Task objective: Below are the records; print them again exactly and omit the pictures.

--- Source records Enclosed Below ---

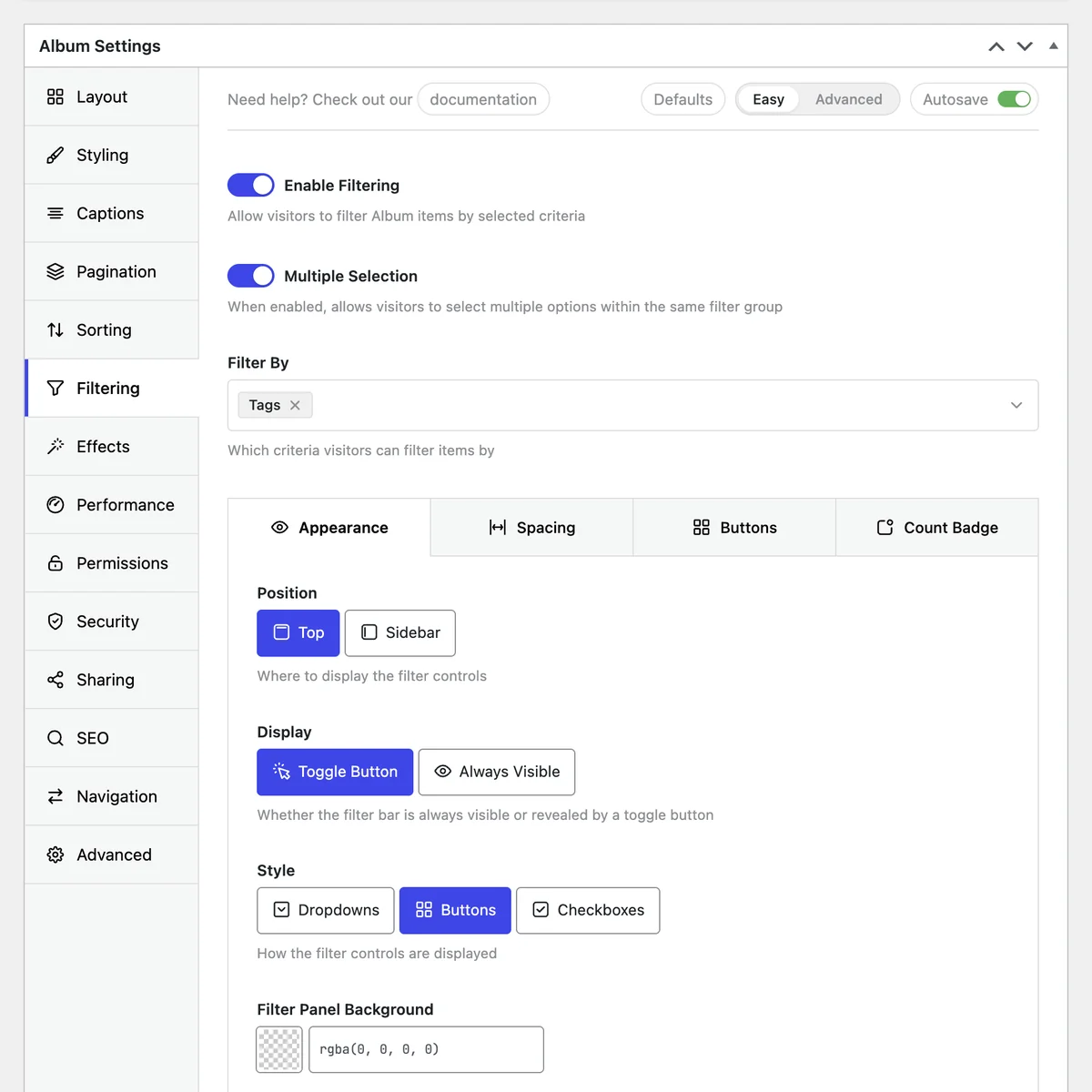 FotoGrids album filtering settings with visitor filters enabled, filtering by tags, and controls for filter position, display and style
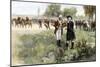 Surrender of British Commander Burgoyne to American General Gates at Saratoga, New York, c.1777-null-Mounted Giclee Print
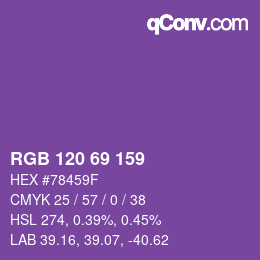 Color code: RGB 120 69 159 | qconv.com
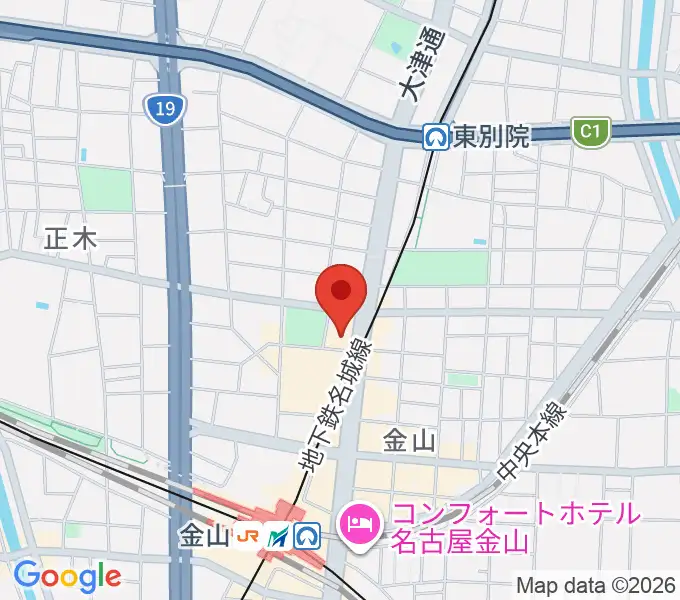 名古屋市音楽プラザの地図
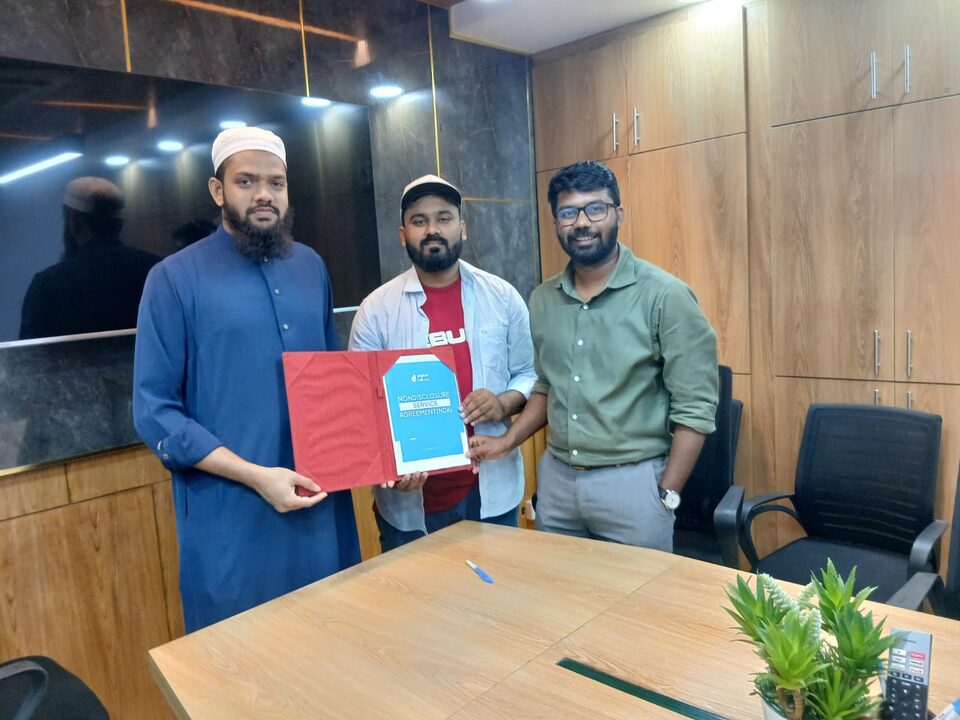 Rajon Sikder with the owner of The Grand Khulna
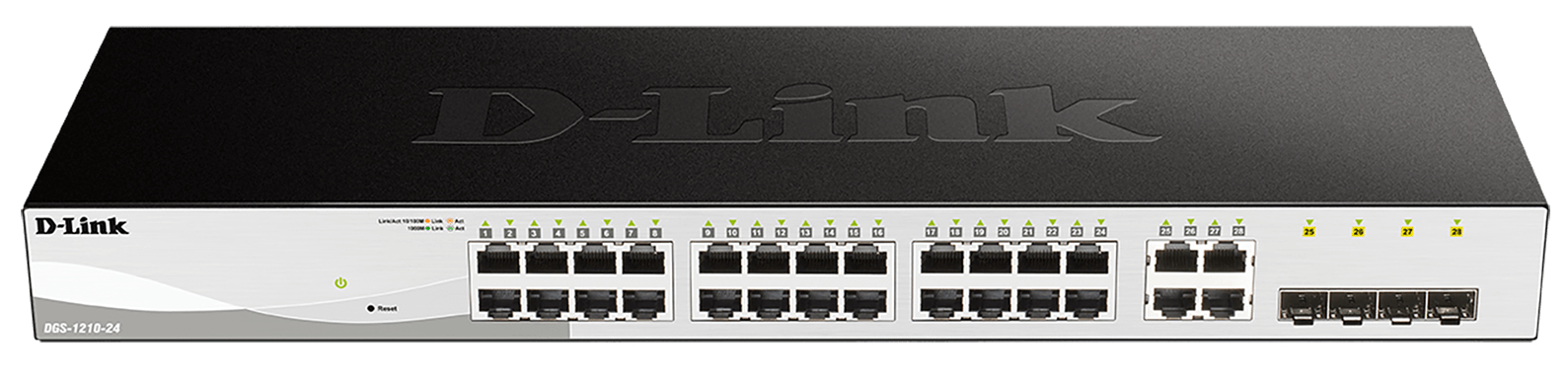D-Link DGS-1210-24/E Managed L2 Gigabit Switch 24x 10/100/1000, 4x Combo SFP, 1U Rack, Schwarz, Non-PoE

--- End of Enclosed Source records ---

Completed task:
 FotoGrids album filtering settings with visitor filters enabled, filtering by tags, and controls for filter position, display and style
 Surrender of British Commander Burgoyne to American General Gates at Saratoga, New York, c.1777-null-Mounted Giclee Print
 Color code: RGB 120 69 159 | qconv.com
 名古屋市音楽プラザの地図
 Rajon Sikder with the owner of The Grand Khulna
D-Link DGS-1210-24/E Managed L2 Gigabit Switch 24x 10/100/1000, 4x Combo SFP, 1U Rack, Schwarz, Non-PoE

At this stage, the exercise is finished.